SPRINGFIELD, OHIO: I left Annapolis at 9:00 this morning, and made my first discovery of the trip: now, I understand how the Washington Beltway works. People have been complaining about the traffic on that road for years, but I now realize that it is designed only to fit the traffic patterns of a typical Sunday morning. At such a time, the highway efficiently funnels commuters around and into D.C. If used at any unintended time, it is bound to malfunction. Those Godly highway-planners at the Department of Transportation must have only intended that people drive the Beltway on the way to church. Genius!

After navigating around Washington, I traveled up I-270 and I-70, and into the Near West. I should note, I guess, that Maryland has the finest roads and road signs I've seen to date. That state has some of the highest state taxes in the nation, and tons of intrusive regulations, but in road maintenance the people's money is well spent. Indeed, for someone used to the potholed Philadelphia streets, a ride down US-301 or I-70 is like gliding along a sheet of silk. In a car, no less.

I ate lunch in Cumberland, Maryland, the gateway to the National Road. The National Road was one of America's earliest federal construction projects. It was initially designed to run from Cumberland to Wheeling, (West) Virginia, and was later intended to go all the way to St. Louis. What's more, unlike most roads of its time, the National Road was paved. This constituted, in the early nineteenth century, Big Government, which is why funding was cut in 1839 and the road stopped in Illinois.

The history of all this interested me, so I decided to follow the road - now U.S. 40 - all the way to St. Louis. Unfortunately, I soon discovered that much of that road is limited to 25 or 30 miles per hour, and full of traffic lights. If I had three months to travel, a la Blue Highways, I wouldn't have cared. But time was of the essence, so I paralleled the Road as closely as I could from the interstates, and headed into West Virginia and Ohio.

There were mostly mountains until just past Wheeling, then the land flattened out and the Middle West spread out before me. There wasn't much time to sight-see, since I wanted to get a good distance completed today, but I did pass a church in Frostburg, West Virginia that claimed to be reconstructing Noah's Ark. There was some sort of structure rising up, but it didn't look like an Ark just yet. Hope that flood holds off until they finish it.

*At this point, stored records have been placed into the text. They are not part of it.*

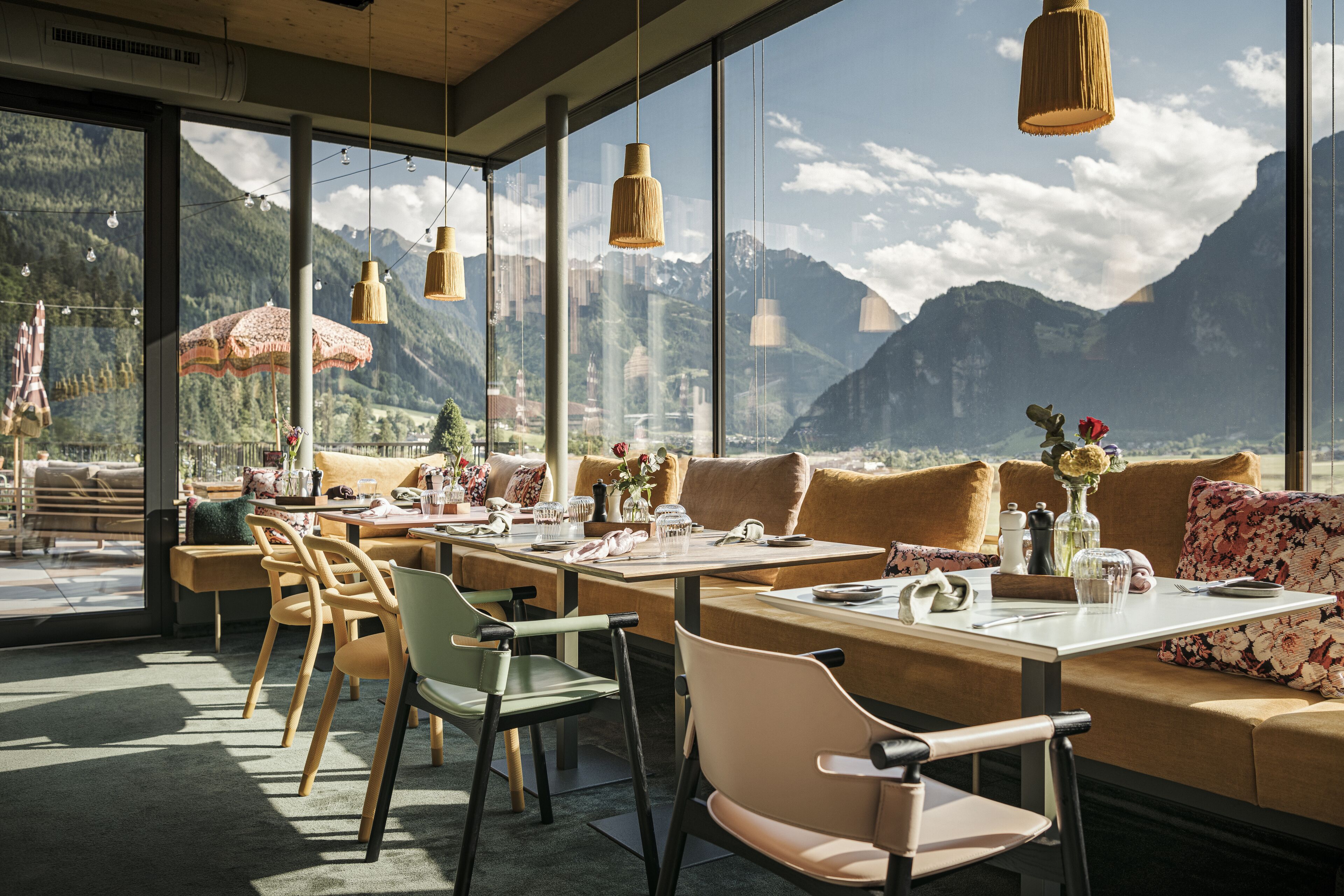 Der serveres frokost, aftensmad og lokale retter med udendørs servering 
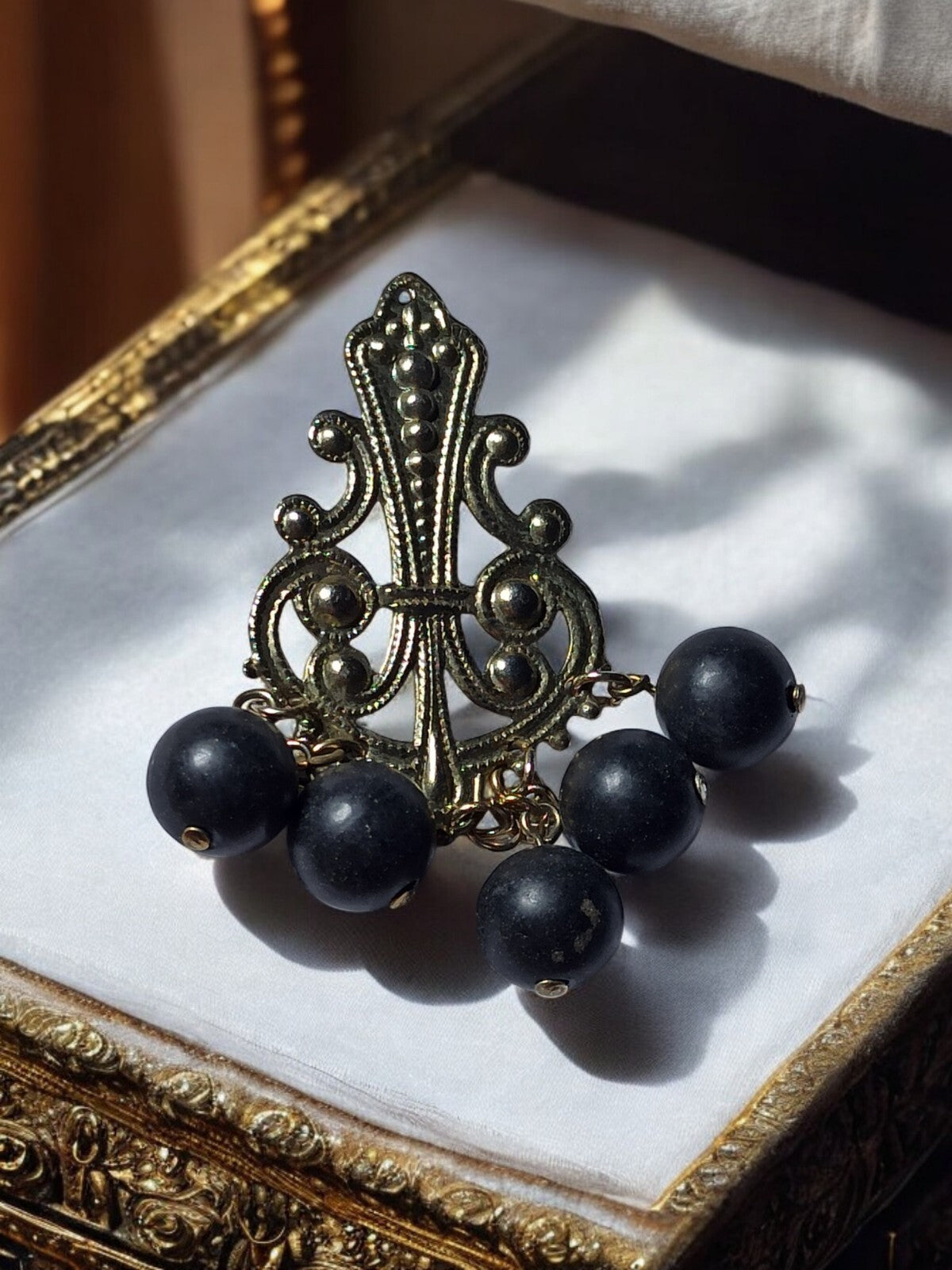 Pendentif ancien fantaisie, breloque métal doré et perles noires vintage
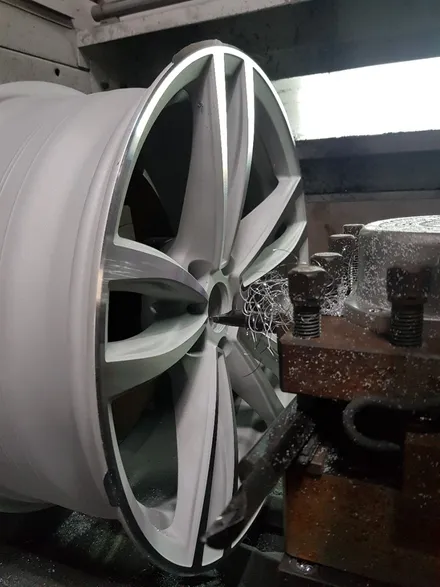 [원조][부산휠복원][부산휠수리][부산중고휠][부산휠도색]BMW G시리즈 647M 19인치 다야컷팅 블랙폴리쉬 다야컷재생! 휠수리/휠복원 / 부산 기장군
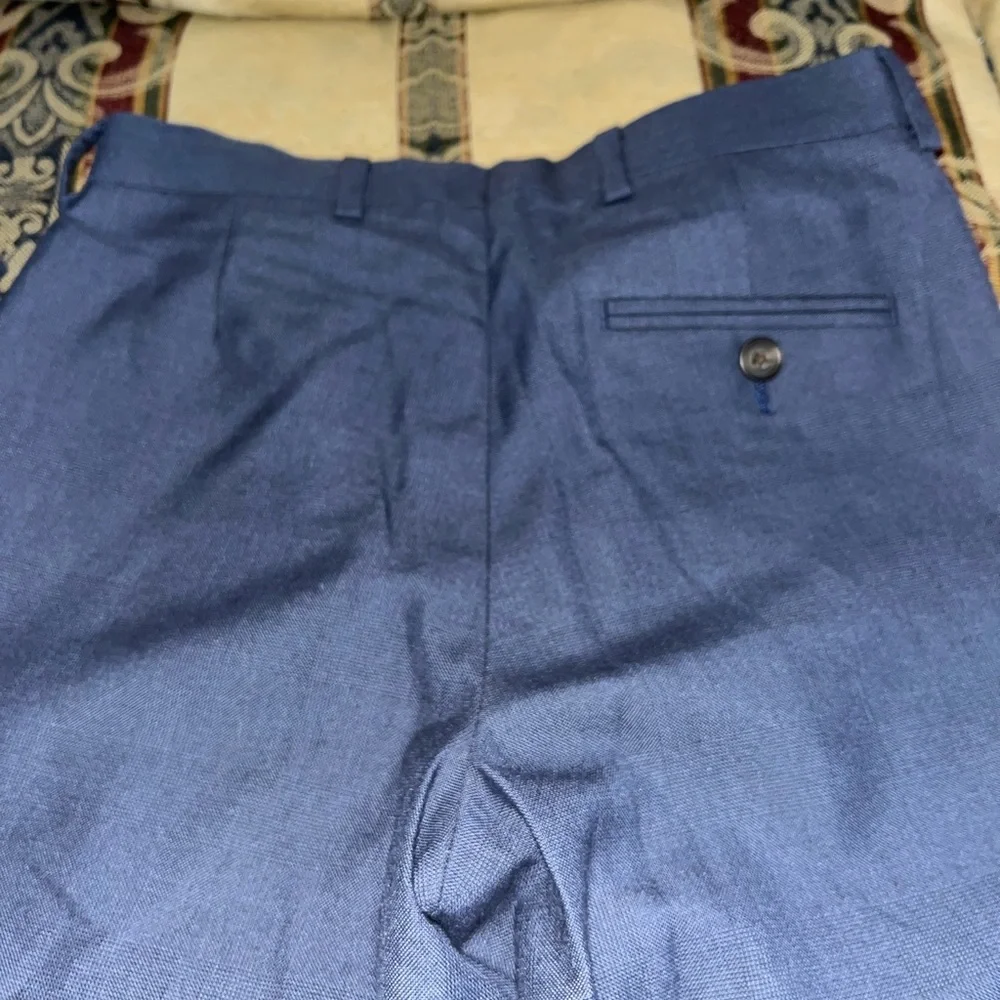 Boys Ralph Lauren navy blue suit.  With dress shirt.  Size 10r - Picture 5 of 17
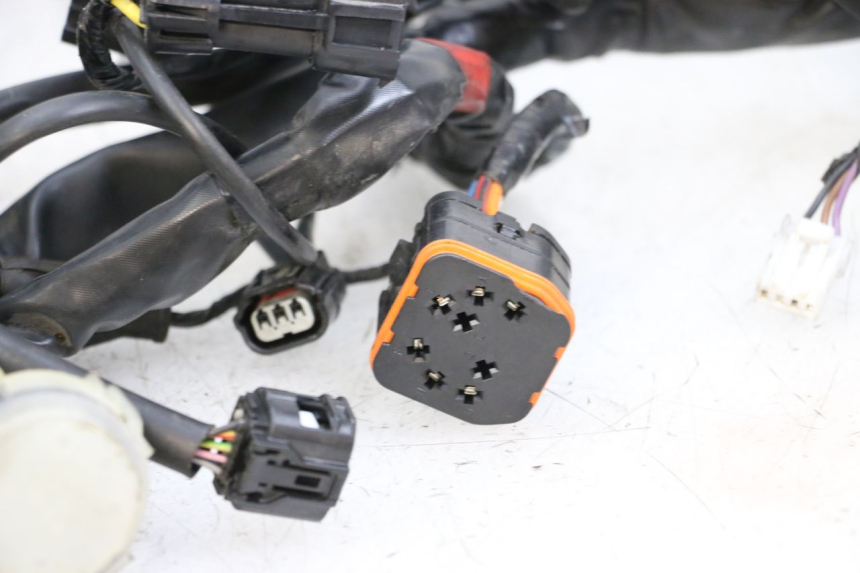 photo de KABELBOOM PIAGGIO MP3 HPE 350 (2018 - 2020) - Gecontroleerd onderdeel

From there, I just kept going until it was getting near time to eat. After 504 miles, I pulled into Springfield, a pleasant-looking town along the Mad River (yes, that's the real name). I don't know much about the place, but Wikipedia informs me that it was chosen as an All-American City in 2004. That seemed pretty impressive, until further research revealed Philadelphia to have been chosen for that honor four times. I don't know what the standards are, but I can't see what old "corrupt and contented" Philly has to do with this nice little city in western Ohio. Oh well, I'm off to the Cracker Barrel. Maybe they'll know there.

Bobblehead

ANNAPOLIS, MARYLAND: Friday night after work, I set out on the road for Annapolis. This part of the trip was familiar, since Julia lives there, so no new ground was covered. I drove down I-95 to Delaware House, one of the world's great rest stops. Then I drove down US 301 through Middletown, Delaware and Maryland's Eastern Shore to the Chesapeake Bay Bridge, where I crossed into Annapolis. This is a great route to take to Annapolis or Washington, because the tolls and traffic are so much lower than on 95. I just like screwing Delaware out of the ridiculous tolls they charge for my twenty minutes spent in the state.

On Saturday we drove into D.C. to see a Washington Nationals game with some of my law school friends. The victors in that matchup were the Philadelphia Phillies, as expected, and all fans where honored with the presentation of a Chad Cordero bobblehead. We ate dinner in Silver Spring, which was a great surprise. When I lived there, it was run down and boring. Now, fully gentrified, it offers a wide array of eating and shopping experiences for the young professional with too much money in his pocket. A good time was had by all.

So now, I leave for the West. Look for more postings from the road!